+++ PROVIDED ENTRIES

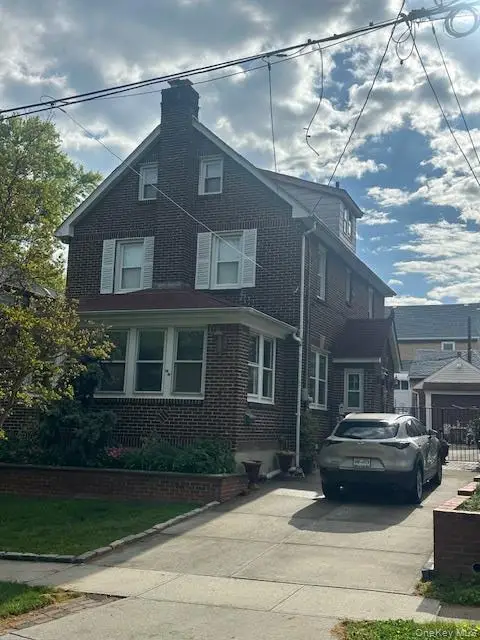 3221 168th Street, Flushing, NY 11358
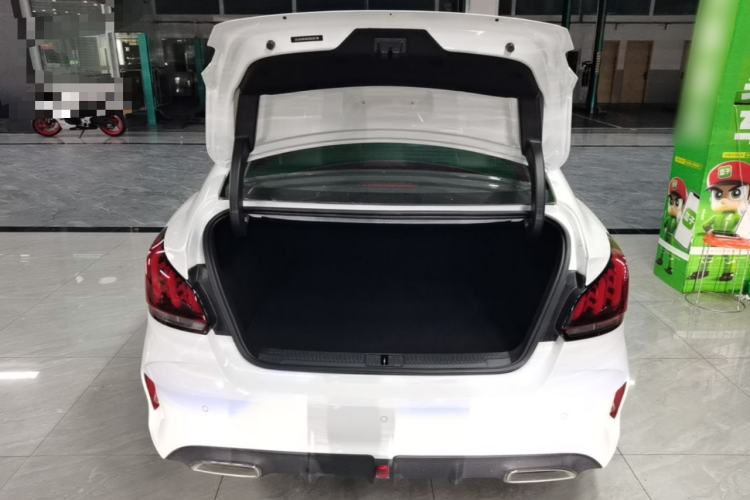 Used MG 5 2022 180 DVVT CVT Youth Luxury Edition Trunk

++++++
+++ PROVIDED ENTRIES

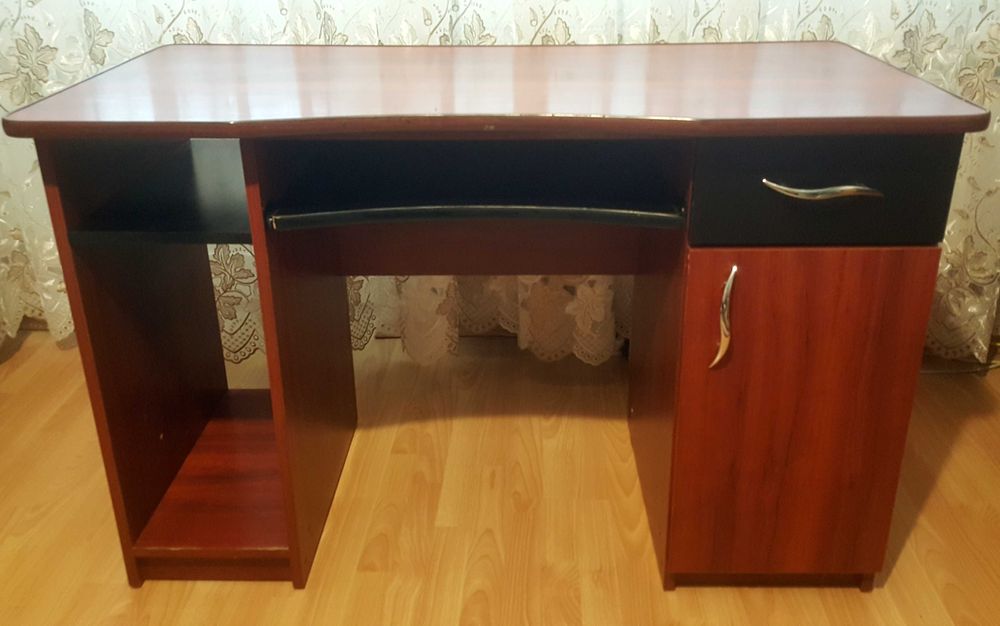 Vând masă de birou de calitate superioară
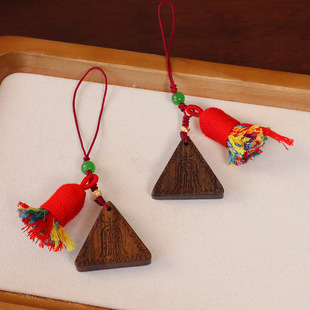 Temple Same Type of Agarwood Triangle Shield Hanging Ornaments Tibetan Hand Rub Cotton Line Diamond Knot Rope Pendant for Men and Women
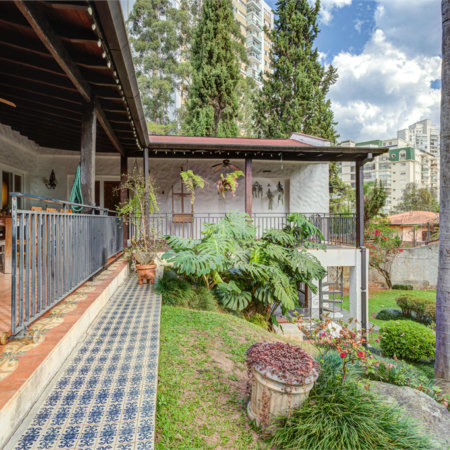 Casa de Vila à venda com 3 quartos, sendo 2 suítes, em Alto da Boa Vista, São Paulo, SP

++++++
+++ PROVIDED ENTRIES

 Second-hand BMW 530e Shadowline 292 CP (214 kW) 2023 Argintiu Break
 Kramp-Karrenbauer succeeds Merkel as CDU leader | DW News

++++++

Above are some records; quote exactly and only the lines that begin at the line containing "3221 168th Street, Flushing, NY 11358" and stop after the line containing "Used MG 5 2022", leaving out the pictures.

 3221 168th Street, Flushing, NY 11358
 Used MG 5 2022 180 DVVT CVT Youth Luxury Edition Trunk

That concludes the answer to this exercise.